Bubnowski has designed outdoor showers for several clients. Usually, the shower is attached to the back of the house, where it can easily tie into plumbing and drainage lines. Bubnowski likes to use cedar shingles or siding for the shower walls, both because they are durable and because they smell so good.

Landscaping around the enclosure adds privacy and makes the experience of showering outdoors even more pleasant, Bubnowski says. His shower is sheltered by tall arborvitaes, which also define one edge of the patio. “It’s all part of it,” he says, “being out there, feeling the breeze, the air, and the sounds of nature.” An outdoor shower comes in handy when you have guests, who usually consider it a great treat to shower in the garden, but a shower off the master bedroom is a nice touch, too. Jason Urrutia, owner of Urrutia Design in Sausalito, Calif., built a private outdoor shower for the owners of a house he designed.

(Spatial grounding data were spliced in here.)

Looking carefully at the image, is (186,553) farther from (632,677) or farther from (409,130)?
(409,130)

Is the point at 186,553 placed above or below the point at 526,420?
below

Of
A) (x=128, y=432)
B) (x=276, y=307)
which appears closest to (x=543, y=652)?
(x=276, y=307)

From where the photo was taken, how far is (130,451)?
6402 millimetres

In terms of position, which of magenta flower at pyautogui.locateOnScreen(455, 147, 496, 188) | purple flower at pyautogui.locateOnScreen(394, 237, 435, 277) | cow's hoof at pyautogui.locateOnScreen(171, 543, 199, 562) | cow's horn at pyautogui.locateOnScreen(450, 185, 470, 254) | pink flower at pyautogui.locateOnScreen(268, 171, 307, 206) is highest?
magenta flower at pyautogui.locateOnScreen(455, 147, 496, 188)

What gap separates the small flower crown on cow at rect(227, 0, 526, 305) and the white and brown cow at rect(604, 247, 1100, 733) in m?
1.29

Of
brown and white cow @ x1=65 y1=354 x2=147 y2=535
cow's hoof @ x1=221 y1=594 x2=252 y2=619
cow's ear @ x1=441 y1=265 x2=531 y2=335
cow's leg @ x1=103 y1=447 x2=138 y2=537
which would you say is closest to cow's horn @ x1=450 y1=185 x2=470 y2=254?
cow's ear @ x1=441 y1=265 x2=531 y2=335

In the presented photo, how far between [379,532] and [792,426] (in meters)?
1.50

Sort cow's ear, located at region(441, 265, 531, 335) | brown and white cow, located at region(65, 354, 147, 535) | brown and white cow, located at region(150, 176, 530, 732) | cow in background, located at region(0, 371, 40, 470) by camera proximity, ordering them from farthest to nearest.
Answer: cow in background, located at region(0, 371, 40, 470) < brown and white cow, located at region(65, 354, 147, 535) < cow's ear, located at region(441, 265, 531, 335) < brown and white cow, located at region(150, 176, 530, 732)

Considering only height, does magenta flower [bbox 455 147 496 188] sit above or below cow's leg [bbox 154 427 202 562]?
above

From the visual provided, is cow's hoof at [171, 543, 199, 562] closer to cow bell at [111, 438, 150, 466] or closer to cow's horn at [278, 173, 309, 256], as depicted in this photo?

“It’s like part of the parents’ retreat,” he says. The shower is very basic, but beautiful, with the plumbing in a tile wall set into the wall of the house. A bench is built into a brick wall opposite the shower; a rough-hewn wooden pedestal holds a towel and a scrub brush.

“It’s all simple stuff, such an easy thing to do,” Urrutia says. “It probably cost $2,500, but there is so much bang for the buck doing something like that.” The shower is part of an enclosed patio that Urrutia describes as “a love lounge” with a fire pit, comfortable garden furniture and easy, low-maintenance landscaping.

After a hot day outside, an outdoor shower “is like a vacation,” Brooks says. “At night, when the stars are out, it’s awesome.”